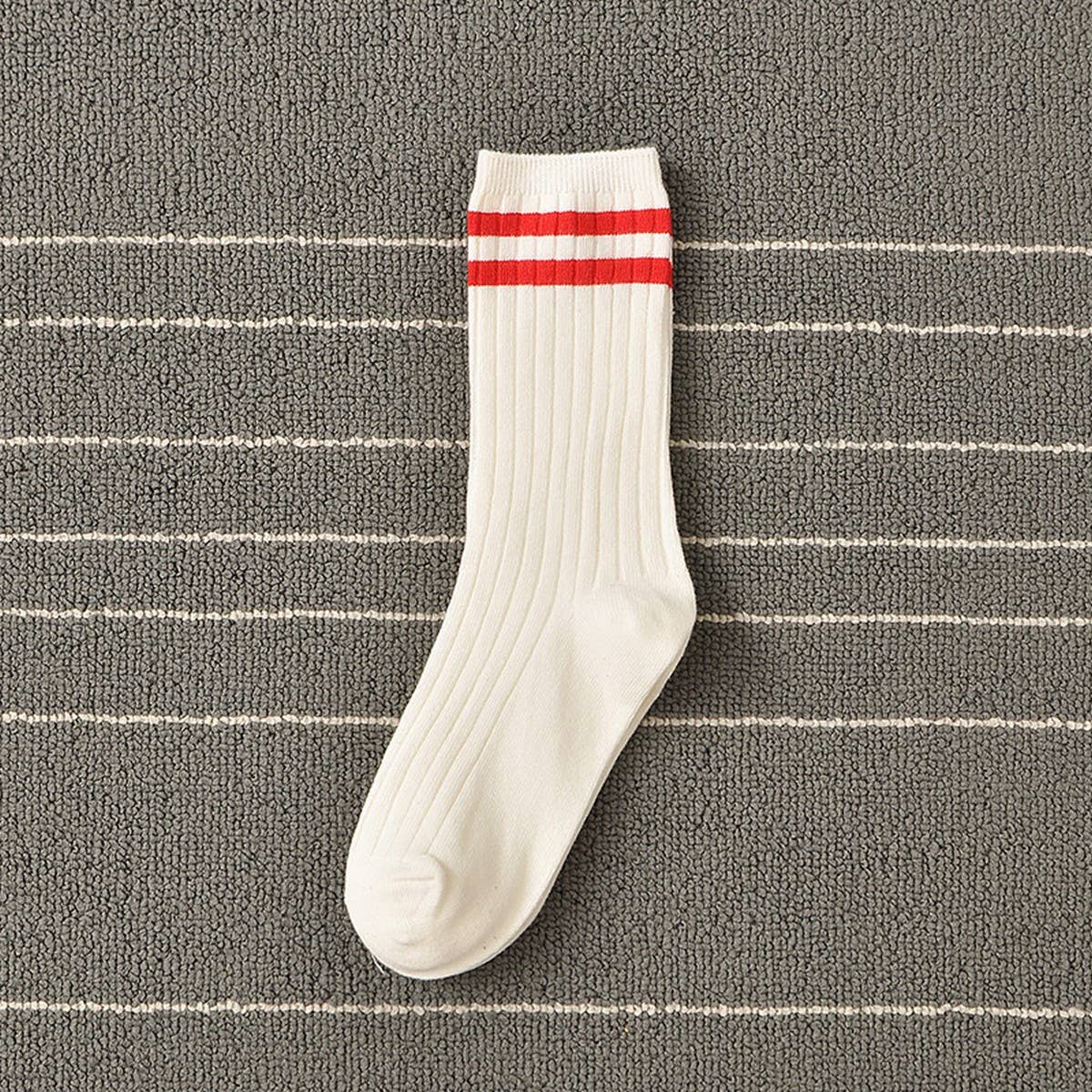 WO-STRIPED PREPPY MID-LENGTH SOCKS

# # # #

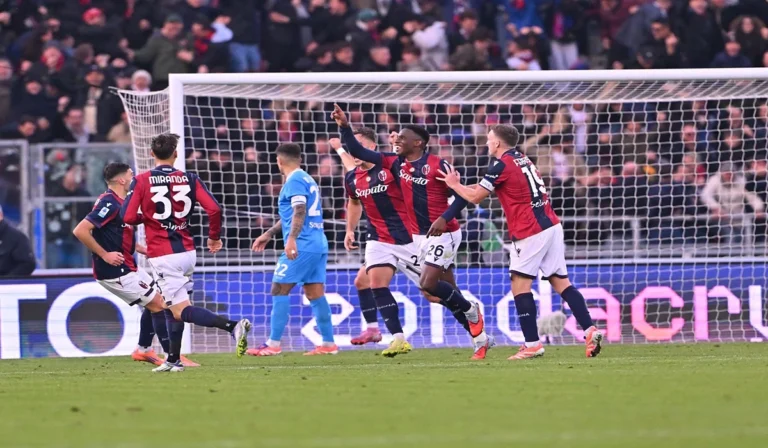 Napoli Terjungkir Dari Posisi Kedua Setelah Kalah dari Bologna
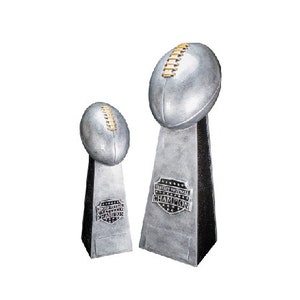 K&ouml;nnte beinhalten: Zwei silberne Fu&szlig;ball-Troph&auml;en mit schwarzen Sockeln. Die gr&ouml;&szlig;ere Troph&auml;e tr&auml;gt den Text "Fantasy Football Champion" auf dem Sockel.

# # # #

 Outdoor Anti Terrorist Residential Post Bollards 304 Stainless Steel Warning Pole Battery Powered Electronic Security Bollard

# # # #

• **EXERCISE**:
Please output, exactly as written, the lines above from the one holding "Napoli Terjungkir Dari" through the one holding "K&ouml;nnte beinhalten: Zwei", both included, with the pictures omitted.

• **EXERCISE ANSWER**:
 Napoli Terjungkir Dari Posisi Kedua Setelah Kalah dari Bologna
 K&ouml;nnte beinhalten: Zwei silberne Fu&szlig;ball-Troph&auml;en mit schwarzen Sockeln. Die gr&ouml;&szlig;ere Troph&auml;e tr&auml;gt den Text "Fantasy Football Champion" auf dem Sockel.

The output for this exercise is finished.